What follows is a breakdown of the setup and workflow, step by step, so you can run this in your own studio without stopping to scrub through video.
Step 1: Choose Your Modifiers Intentionally
Sue introducing the new Profoto white-interior softboxes
Bryce opens by highlighting something that sounds like a product note but is actually a meaningful technical distinction: Profoto has never made a white-interior softbox until now. Most of their modifiers have used silver interiors, which produce a snappier, higher-contrast light. White interiors scatter light more diffusely and wrap more evenly around a subject. For beauty and portrait work where you want smooth, flattering skin rendering, that difference matters.
She selects two specific shapes for this shoot: a rectangular softbox positioned as a top light and a 4-foot octabox as the main light. If you’re working with other brands, a large rectangular (roughly 2x3 feet or larger) and a 4-foot or 5-foot octa will get you close. The white interior is the important variable. If your current modifiers are silver, you can approximate the effect by adding an additional diffusion layer inside, though it’s not a perfect substitute.
Step 2: Add a Full Stop of Diffusion to Both Lights
Close-up of Profoto softbox with diffusion panel attached
Both lights get the same diffusion treatment here, which is the detail most people would skip past. Bryce applies one stop of diffusion to each modifier. This is the outer diffusion panel, not the inner baffle, and bringing both lights to the same diffusion level is deliberate. It keeps the quality of light consistent between the main and the top light, so there’s no jarring contrast between where one light ends and the other begins on the subject’s face and body.
In practice, one stop of diffusion is significant. You’re losing output, so if you’re metering at f/8 before the diffusion panel goes on, expect to land closer to f/5.6 after. Adjust your power accordingly rather than opening up your aperture, especially if you want enough depth of field to keep the full figure sharp.
Step 3: Position the Rectangular as a Top Light
Rectangular softbox positioned high, angled downward toward subject
The rectangular softbox goes overhead, angled downward toward the subject. This is functioning as a hair and shoulder light, but because of the white interior and additional diffusion, it’s soft enough that it also wraps gently onto the upper face. It gives the image that lit-from-above quality you see in editorial portraiture without creating harsh shadows under the brow or nose.
Height and angle matter here. Too steep and you’ll get raccoon eyes. Too shallow and it stops reading as a top light and just becomes a second front source. A 45-degree downward angle from roughly eight to ten feet up is a workable starting point. I’d recommend placing a stand-in subject and taking test frames before your talent arrives so you’re not making adjustments under pressure.
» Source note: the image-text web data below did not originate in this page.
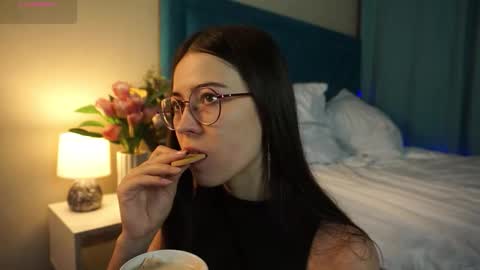 Agness online show from November 9, 1:20 pm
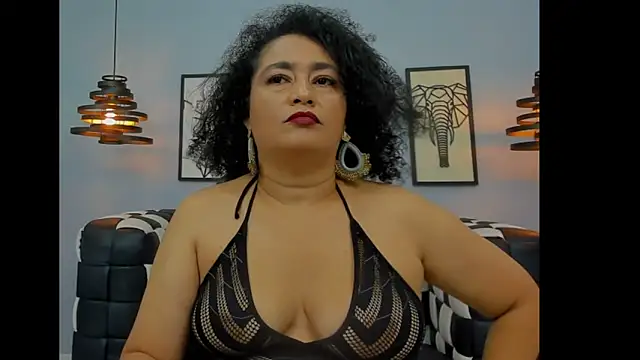 Bianca Millf online show from March 29, 3:41 am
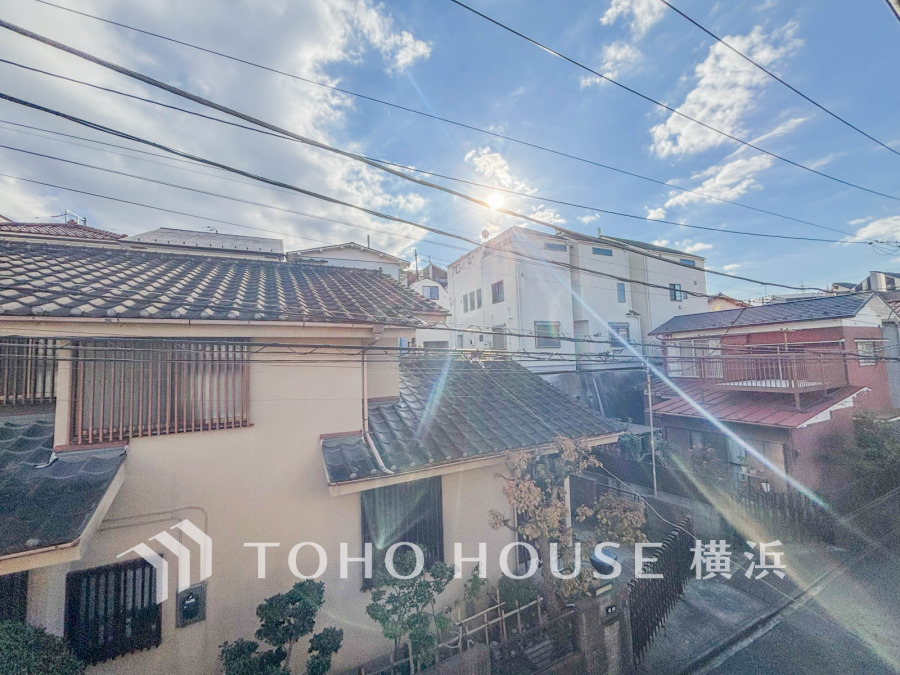 開放感があり、遮るものもなく気持ちのいい景色が広がります。お部屋にも爽やかな風と暖かく柔らかな日差しが差し込み、毎日の暮らしを豊かに彩ります。（2025年11月撮影）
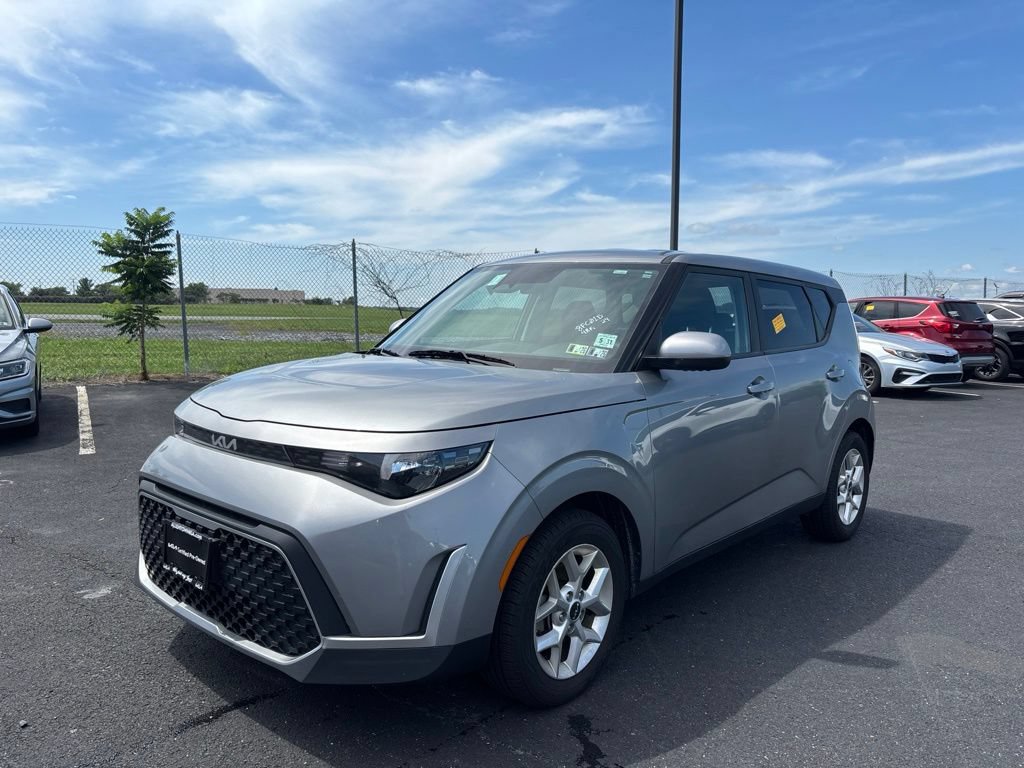 Certified 2024 Kia Soul LX w/ Option Group 015 FWD image 7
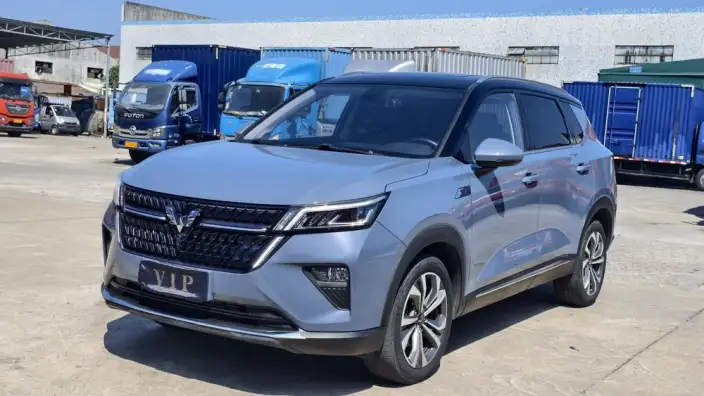 WULING Asta 2021 Model 1.5T Automatic Starlight Edition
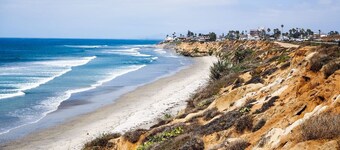 Pet Friendly | 15 Min to Carlsbad Beach | Downtown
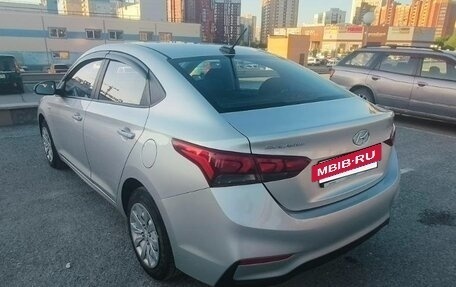 Hyundai Solaris II рестайлинг, 2019 год, 950 000 рублей, 4 фотография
Step 4: Position the 4-Foot Octabox as the Main Light
Large octabox positioned at camera-left as main light source
The 4-foot octa comes in as the primary source, positioned at roughly camera-left. At 4 feet, it’s large enough to wrap light around the subject’s form without going so large that it starts to lose directionality. It reads as soft, but there’s still enough shape to the light that you can see it sculpting the face.
For positioning, Bryce keeps it close to the subject rather than backing it off. Closer placement makes the light source appear larger relative to the subject, which increases softness and wrap. A light at 3 feet from the subject will be significantly softer than the same modifier at 6 feet. Don’t be afraid to get the modifier into the frame and crop it out, especially if you’re shooting tighter.
Step 5: Set the Ratio Between the Two Lights
Sue adjusting power output on Profoto light head
Both lights are running at the same diffusion level, but the top light should be dialed back slightly relative to the main. Bryce doesn’t give exact power numbers here, which is actually the right instinct to share, because the correct ratio depends on your specific studio, your walls, and your subject. What matters is the principle: the main light controls exposure and does the primary work of rendering the face. The top light adds dimension and separation without competing.
Start with the top light at roughly half the power of the main and adjust from there. If the top light is creating a visible secondary shadow under the chin or on the chest, it’s too powerful. If the hair and shoulders feel flat, bring it up.
Step 6: Pose Around the Story, Not Just the Body
Sue directing Sam during the portrait session
This is where the tutorial shifts from lighting into something more difficult to systematize. Bryce had set up the lights correctly, started shooting, and still wasn’t connecting with the work. She walked away, came back, and recognized that she’d been treating her subject as a pose rather than a person. Sam’s story, growing up limb-different and being raised with the belief she could do anything, became the actual subject of the session. That shift changed everything about how Bryce directed the session.
For the technical photographer, the lesson here is that posing and direction are not two separate things. If you’re directing someone’s hands, their chin, their weight distribution without understanding what they want to feel in these photographs, you’re arranging a body rather than making a portrait.
What I’d Add from My Own Studio Practice
The setup Bryce describes is nearly identical to one I’ve been running for years, but I’d add one calibration step she doesn’t mention: shoot a gray card and a color checker under these lights before your subject steps in. White-interior softboxes can render slightly cooler than silver-interior equivalents, and if you’re mixing this with any ambient or practical light in the room, color temperature drift is subtle enough that you won’t catch it until you’re editing. I learned this the hard way on an early editorial job. Calibrate first. The two minutes it takes will save you an hour in post.
The single most useful thing in this tutorial isn’t the modifier choice or the power settings. It’s the reminder that the most technically correct setup in the world produces flat, forgettable work if you’re not photographing something that means something. Get the lights right. Then ask yourself why you’re making the picture.